Un teatro leggendario
Prima di tutto era piccolo, tanto piccolo. Stile che in casa mia, che già è piccola, ce ne stavano più di quattro di teatri della Caduta. Ma aveva tutto quel che serviva per essere un signor teatro: luci, amplificatori, sipario, fondali e una quinta. Il palco di 6 metri quadri era sovrastato da un antro in cui un’orchestra dal vivo accompagnava tutto il varietà, sempre bravissimi, giusto leggermente incurvati per non sbattere la testa sul soffitto. Ci stavano 45 spettatori, su sedie di legno pieghevoli. La regia tecnica stava su un piccolo soppalco sopra l’ingresso. Per entrare non si pagava un biglietto, mai. Tutti gli spettacoli si pagavano a cappello, gli spettatori potevano dare in base a quanto gli era piaciuto. Durante il varietà c’era un momento in cui si dava la possibilità a qualcuno del pubblico di salire dalla sala e cadere insieme agli artisti, senza filtri. Ci stava poca gente, ma a Torino lo conoscevano tutti.
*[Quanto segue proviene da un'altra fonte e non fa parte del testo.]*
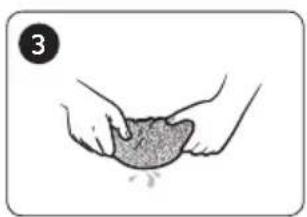 Illustration of two hands holding a textured, granular object (no text or symbols).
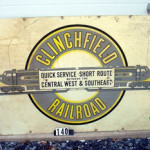 A metal sign, 42 by 30 inches, advertises passenger service on the Clinchfield Railroad. Image courtesy of LiveAuctioneers.com Archive and Dotta Auction Co.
Fin dalla sua nascita mi ha accolto e accompagnato con i primi numeri legati al teatro, facendomi conoscere un nuovo modo di fare spettacolo e stimolandomi nel provare nuove idee, per quanto folli fossero. Mi ricordo le prime serate passate nel camerino, che non era un camerino, ma pochi metri quadri dietro il palco in cui ci ritrovavamo in cinque o sei, aspettando di cadere. L’ansia e la tensione si percepivano nell’aria. A volte le mani mi tremavano, altre volte nell’attesa giocavo a carte con gli amici.
Il giorno in cui cadde il teatro
Martedì 26 Febbraio 2019 è stata l’ultima volta che ho calpestato quel palcoscenico, con tantissimi amici e compagni di viaggio di questi 15 anni. Con alcuni ho condiviso tanti altri spettacoli, con altri tante discussioni sull’arte, con altri semplicemente alcune camminate in montagna. Una serata ricca di ricordi, emozioni e voglia di fare teatro insieme, tra giocoleri e maghi, clown e musicisti, attori e cantanti.
Per questa ultima serata con noi quella sera, come ospite speciale, c’era Dirce, sempre meravigliosa e affascinante, protagonista dei primi anni del Teatro della Caduta. Cantante straordinaria in stile anni 30… perché lei è di quegli anni. Con i suoi 86 anni ci ha incantato ed emozionato un ultima volta con due brani di Edith Piaf, perché, come mi ha detto lei “non ci vedo più, ho problemi a camminare e a volte non mi funziona il cervello, ma la voce ce la ho ancora buona!”.
Le emozioni e le sensazioni che mi ha dato questo teatro in questi anni mi lasciano una domanda senza riposte, ora dove andrò a cadere il martedì sera?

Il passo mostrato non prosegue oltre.